TRY IT:
Output every entry below word for word, minus the images.
DATASET EXCERPTS section start
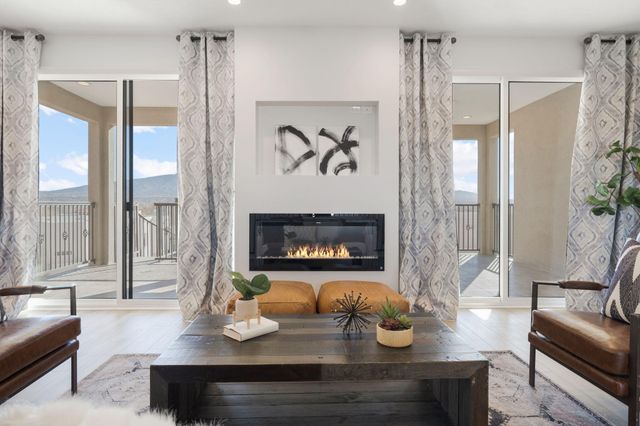 1011 C De Baca Lane, Bernalillo, NM 87004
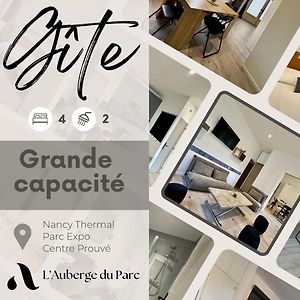 Appartement à 4 Chambres à Coucher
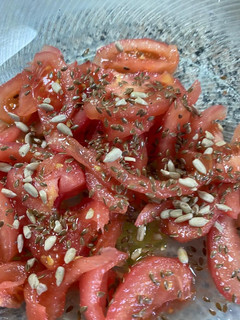 Una foto de Ensalada de tomates con semillas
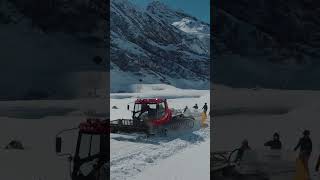 SilvrettaSkisafari  Mit Pistenbully und Skiern auf Safari im Montafon [upl. by Athene116]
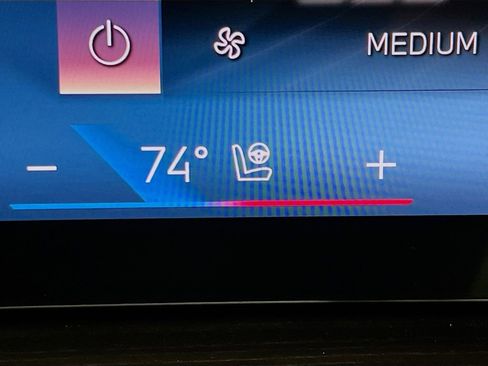 Used 2024 BMW X5 xDrive50e w/ Executive Package image 21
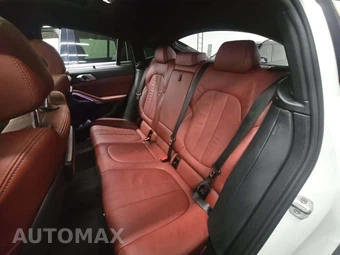 2022 BMW X6 Sports Activity Coupe xDrive40i - miniatura 13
DATASET EXCERPTS section end
ANSWER SECTION:
 1011 C De Baca Lane, Bernalillo, NM 87004
 Appartement à 4 Chambres à Coucher
 Una foto de Ensalada de tomates con semillas
 SilvrettaSkisafari  Mit Pistenbully und Skiern auf Safari im Montafon [upl. by Athene116]
 Used 2024 BMW X5 xDrive50e w/ Executive Package image 21
 2022 BMW X6 Sports Activity Coupe xDrive40i - miniatura 13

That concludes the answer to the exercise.